While you are new to Investing Daily’s Systematic Wealth, and before you post questions on our forum, please read through these FAQs. If you have a question about getting started, you can be sure that many others have had the same question before you!

How do I log into the Systematic Wealth website?

For general account questions and login instructions, and to control the messages you receive from Investing Daily, see Managing Your SW Account.

Can I get SW trade alerts as texts on my smartphone?

For general account questions and login instructions, and to control the messages you receive from Investing Daily, see Managing Your SW Account.

How do I contact Investing Daily to manage my Systematic Wealth account?

For general account questions and login instructions, and to control the messages you receive from Investing Daily, see Managing Your SW Account.

What is Jim Pearce’s strategy for beating the market?

Some investors believe it is impossible to beat the stock market consistently, so they choose to own index funds designed to mirror the market’s performance.
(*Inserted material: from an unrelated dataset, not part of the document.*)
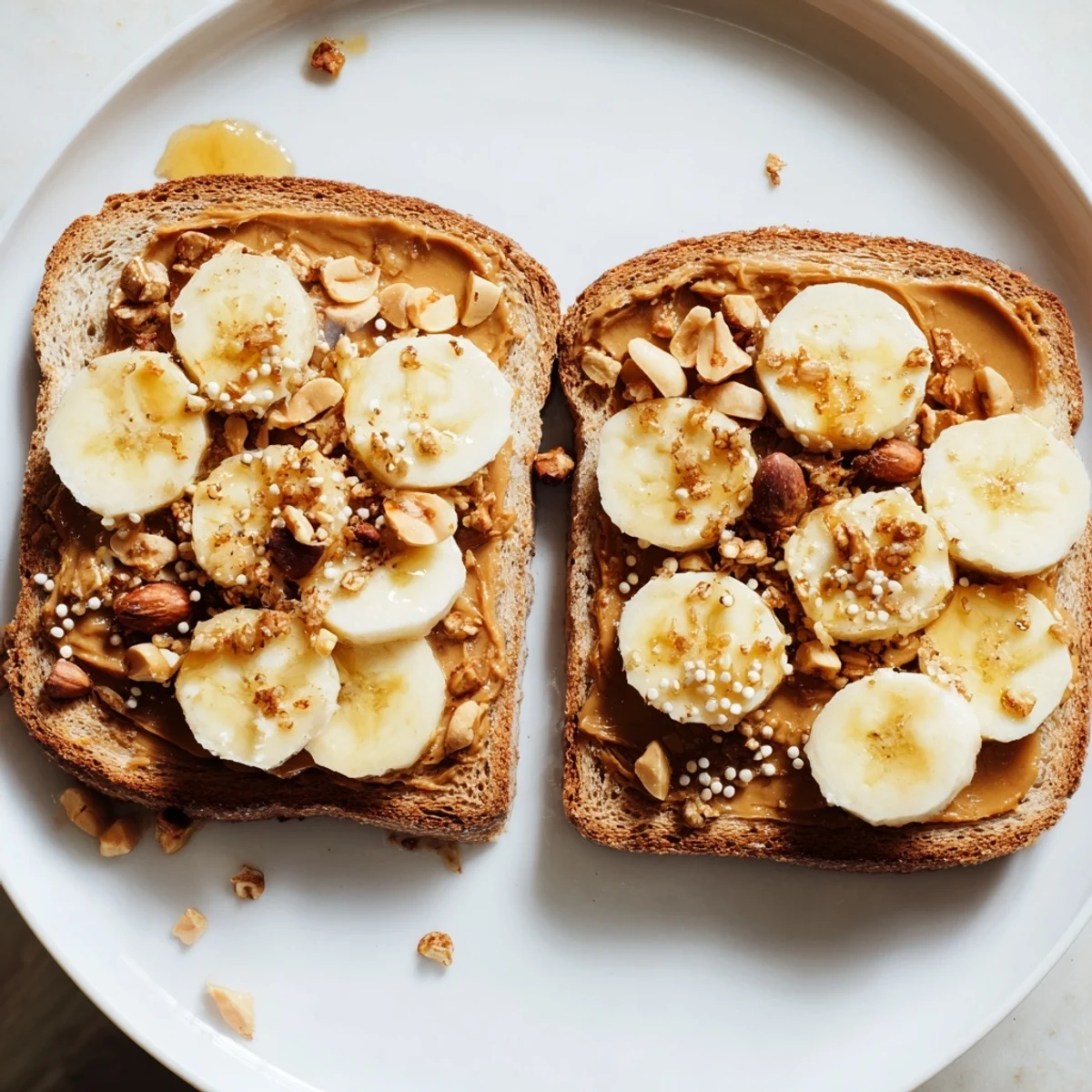 Golden, toasted peanut butter and banana sandwich, drizzled with honey, ready to eat!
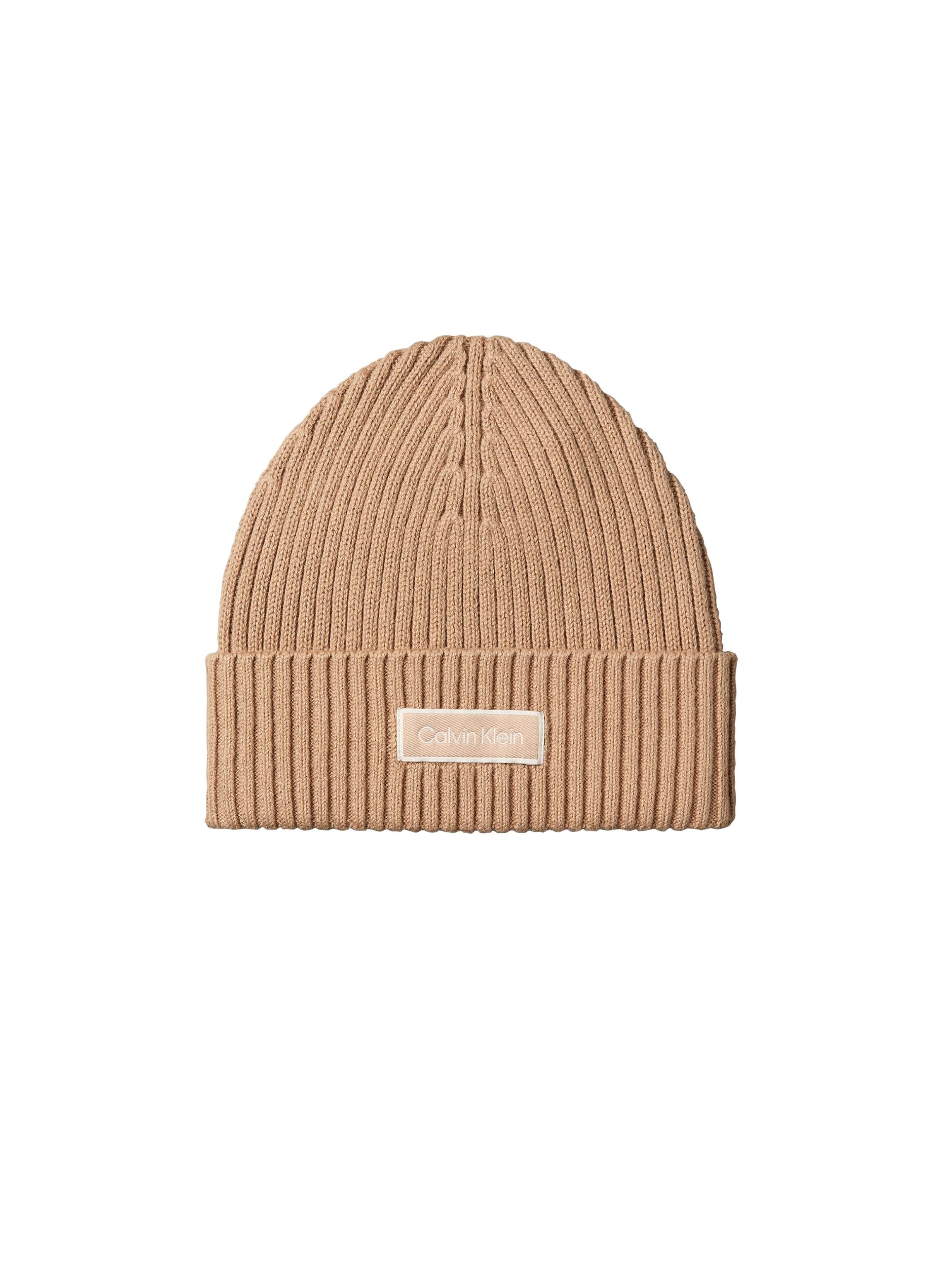Calvin Klein Bonnet »PATCH CHUNKY RIB COTTON BEANIE« coupe régulière avec logo de marque cousu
That approach is okay by Jim Pearce if you are satisfied with merely duplicating the market’s average annual return, which is expected to be in the 4% to 8% range for the next several years as the global economy slowly recovers from decades of reckless borrowing that = a mountain of excess debt.

But he says the truth is you can beat the market over the long haul, and many people have done so.

In fact, there is no one way right way to do it as there have been many approaches that have worked with great success over the years.

Just as important as having a proven methodology for identifying undervalued companies is also using human judgment in knowing when to activate a buy signal and when to ignore it. No matter how good an algorithm is at finding hidden bargains, not every variable affecting a stock’s value can be converted to a mathematical formula.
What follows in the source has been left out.